A typical integer program: the knapsack problem

Presents the model and data files.

A typical example of integer programs is the knapsack problem, which can be intuitively understood as follows. We have a knapsack with a fixed capacity (an integer) and a number of items. Each item has an associated weight (an integer) and an associated value (another integer). The problem consists of filling the knapsack without exceeding its capacity, while maximizing the overall value of its contents. A multi-knapsack problem is similar to the knapsack problem, except that there are multiple features for the object (e.g., weight and volume) and multiple capacity constraints. The following example, knapsack.mod, depicts a model for the multi-knapsack problem, while Data for the multi-knapsack problem (knapsack.dat) describes an instance of the problem.

int NbItems = ...;
int NbResources = ...;
range Items = 1..NbItems;
range Resources = 1..NbResources;
int Capacity[Resources] = ...;
int Value[Items] = ...;
int Use[Resources][Items] = ...;
int MaxValue = max(r in Resources) Capacity[r];


dvar int Take[Items] in 0..MaxValue;

maximize
  sum(i in Items) Value[i] * Take[i];
  
subject to {
  forall( r in Resources )
    ct:
      sum( i in Items ) 
        Use[r][i] * Take[i] <= Capacity[r];
}

This model has several novel features. It represents items and resources not by string sets but rather by integers. In other words, the items (respectively the resources) are represented by successive integers starting at 1. The instructions

int NbItems = ...;
int NbResources = ...;
range Items = 1..NbItems;
range Resources = 1..NbResources;

declare the number of items and the number of resources, as well as two ranges, Items and Resources, to represent the set of items and the set of resources.

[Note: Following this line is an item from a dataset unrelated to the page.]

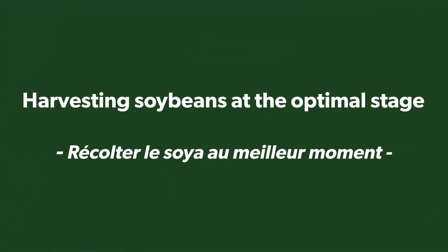Hi, I'm Kelly Allen with Soleil and Uni-I Cooperative. I am a crop advisor working in eastern Ontario. I've been involved in agriculture for most of my life, and today I'd like to talk to you a little bit about harvesting soybeans at the optimal stage.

The next three instructions

int Capacity[Resources] = ...;
int Value[Items] = ...;
int Use[Resources][Items] = ...;

are similar to the data declarations presented in Data declarations and the subsequent sections. The array Capacity represents the capacity of the resources, the array Value the value of each item, and Use[r][i] the use of resource r by item i.

The next instruction

int MaxValue = max(r in Resources) Capacity[r];

is more interesting. It declares an integer MaxValue whose value is given by an expression. OPL and IBM ILOG Script have many features for computing and preprocessing data, since this is fundamental in simplifying and improving the efficiency of many models.

The instruction

dvar int Take[Items] in 0..MaxValue;

declares the problem variables: take[Items] represents the number of times item i is selected in the solution. The variable is of type integer and is restricted to range in 0..MaxValue.

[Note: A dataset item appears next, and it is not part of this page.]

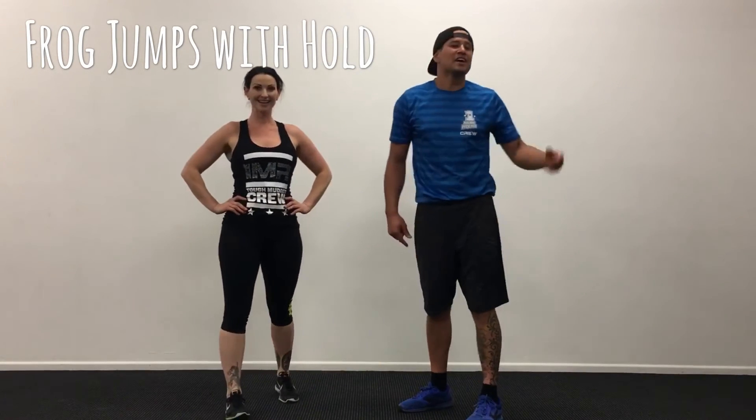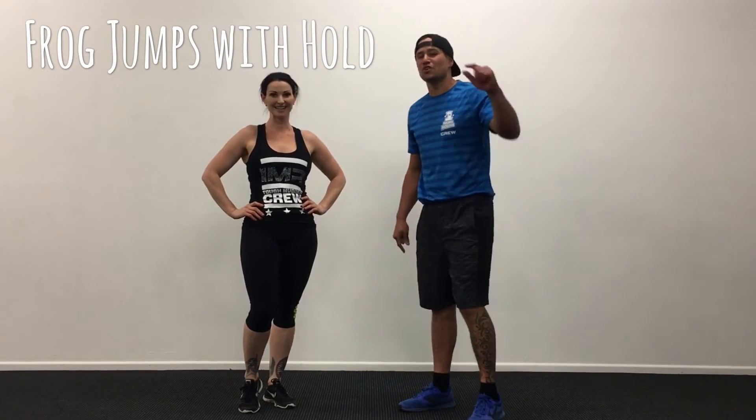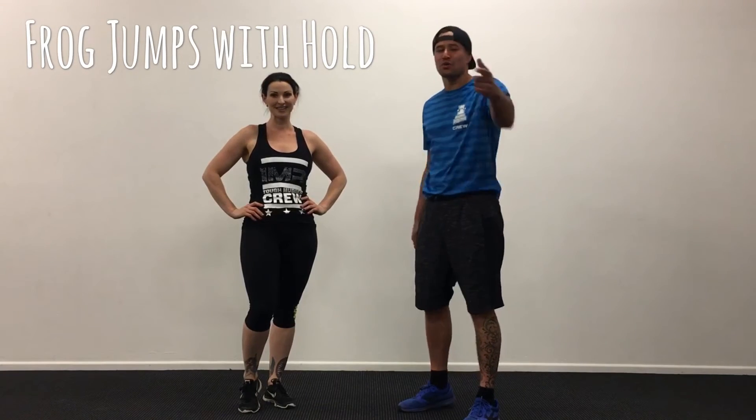I hope you enjoyed that. Go and do those sets two or three times. Tune in next week when we come back at you with another workout of the week.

The rest of the statement is rather standard and should raise no difficulty. Data for the multi-knapsack problem (knapsack.dat) describes an instance of the problem.

NbResources = 7;
NbItems = 12;
Capacity = [ 18209, 7692, 1333, 924, 26638, 61188, 13360 ];
Value = [ 96, 76, 56, 11, 86, 10, 66, 86, 83, 12, 9, 81 ];
Use = [
      [ 19,   1,  10,  1,   1,  14, 152, 11,  1,   1, 1, 1 ],
      [  0,   4,  53,  0,   0,  80,   0,  4,  5,   0, 0, 0 ],
      [  4, 660,   3,  0,  30,   0,   3,  0,  4,  90, 0, 0],
      [  7,   0,  18,  6, 770, 330,   7,  0,  0,   6, 0, 0],
      [  0,  20,   0,  4,  52,   3,   0,  0,  0,   5, 4, 0],
      [  0,   0,  40, 70,   4,  63,   0,  0, 60,   0, 4, 0],
      [  0,  32,   0,  0,   0,   5,   0,  3,  0, 660, 0, 9]];

Feasible solution with objective 261890.0000:
  take = [0 0 0 154 0 0 0 912 333 0 6505 1180];

Feasible solution with objective 261916.0000:
  take = [0 0 0 153 0 0 0 912 333 0 6499 1180];

Final solution with objective 261916.0000:
  take = [0 0 0 154 0 0 0 913 333 0 6499 1180];